Des négociations, menées via une médiation du Qatar et de l’Égypte, sont en cours pour parvenir à une nouvelle trêve, plus longue, et de nouveaux échanges. Face à la perspective d’une offensive majeure, la pression des pays étrangers s’accroît. Les Émirats arabes unis ont exprimé « leur profonde inquiétude » face aux « sérieuses répercussions humanitaires » d’un assaut israélien.

Le Qatar a « fermement condamné » les menaces d’Israël sur Rafah et l’Organisation de la coopération islamique (OCI) a dénoncé les « tentatives d’expulsion forcée du peuple palestinien de ses terres ». À Téhéran, le président iranien, Ebrahim Raïssi, a appelé dimanche à exclure Israël de l’ONU, estimant que l’offensive israélienne à Gaza était « un crime contre l’Humanité ». À Rabat, des milliers de Marocains ont défilé dimanche en soutien au peuple palestinien. L’Arabie saoudite avait appelé samedi à un réunion d’urgence du Conseil de sécurité de l’ONU.
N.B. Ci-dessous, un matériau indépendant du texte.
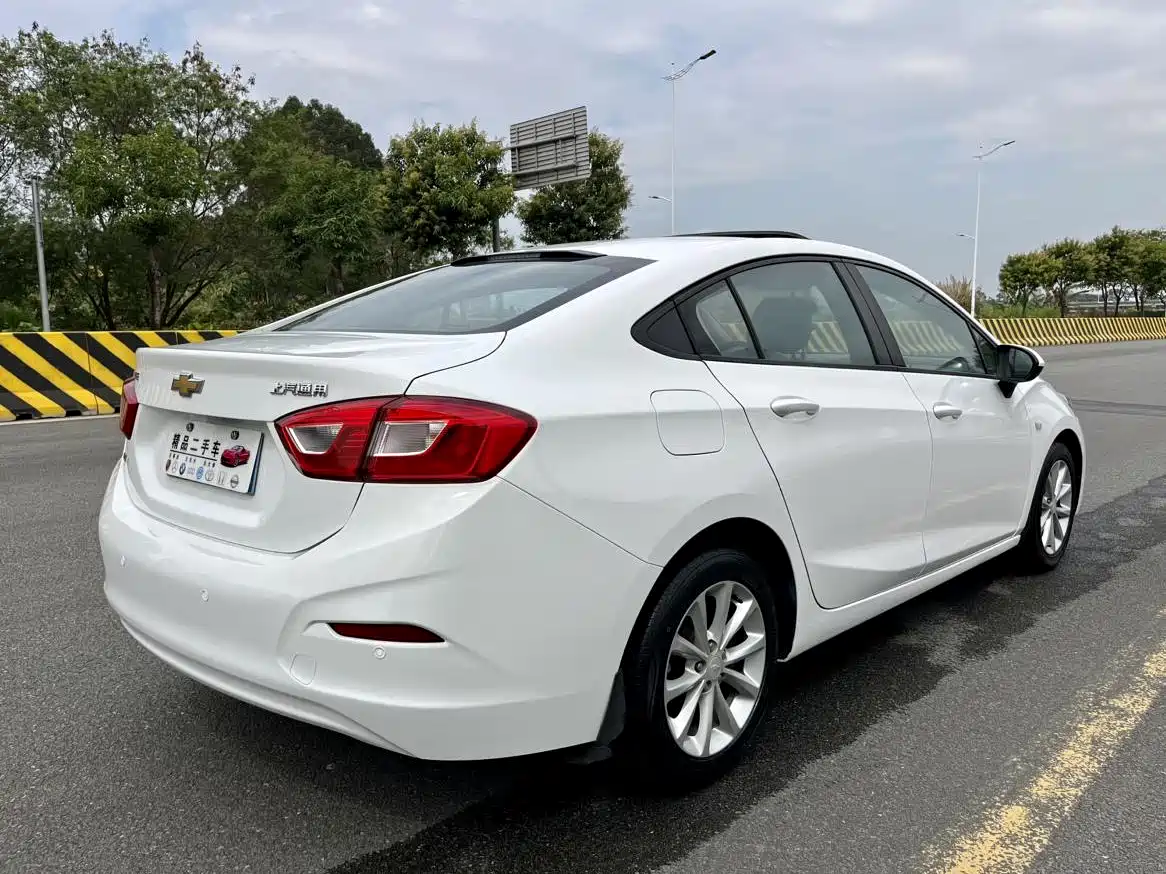 Chevrolet Cruze 2017 1.4T DCT Pioneer Sunroof фото 9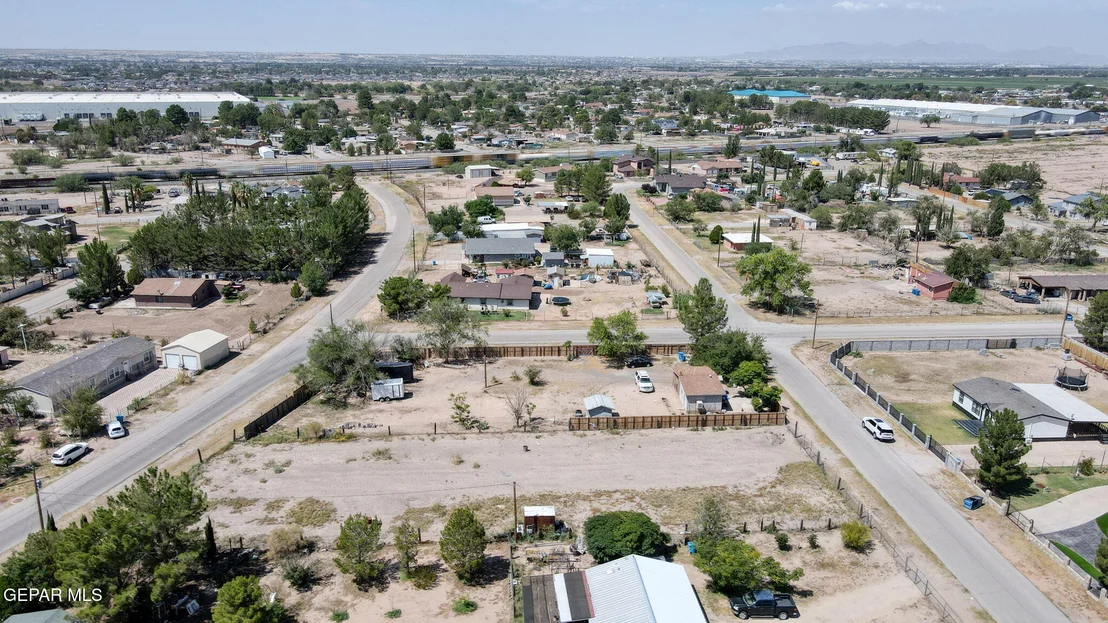 Photo of 410 Valle Rojo Drive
Pour le chef de la diplomatie européenne, Josep Borrell, une offensive à Rafah provoquerait « une catastrophe humanitaire indescriptible ». Les États-Unis, principal allié d’Israël, ont également durci le ton, le président américain, Joe Biden, jugeant « excessive » la « riposte » israélienne à l’attaque du Hamas.

Les prix explosent

Environ 1,7 million de personnes, d’après l’ONU, sur un total de 2,4 millions d’habitants, ont fui leur foyer depuis le 7 octobre, beaucoup d’entre elles déplacées plusieurs fois à travers le territoire dévasté, assiégé par Israël et plongé dans une crise humanitaire majeure.

Rafah est le dernier grand centre urbain où l’armée n’a pas encore pénétré et la ville est devenue un gigantesque campement de fortune. L’aide humanitaire qui y arrive par l’Égypte est insuffisante pour nourrir la population qui voit les prix des aliments s’envoler.

« Comme si les bombardements, les tueries et les destructions ne suffisaient pas, les prix ont augmenté comme si on était en Europe », a expliqué Abou Muhammad Rabie, 54 ans, qui tente d’acheter au marché de la nourriture pour sa famille de neuf personnes. « De toute façon nous mourrons, des bombes ou de la faim », lance-t-il.

Sur leurs réseaux sociaux, les responsables du Hamas ont dénoncé dimanche la situation humanitaire dramatique dans le territoire. Elles accusent les forces israéliennes d’ »empêcher l’arrivée de l’aide » à Gaza, notamment dans le nord où les combats se poursuivent et où « le stade de la catastrophe » a été dépassé.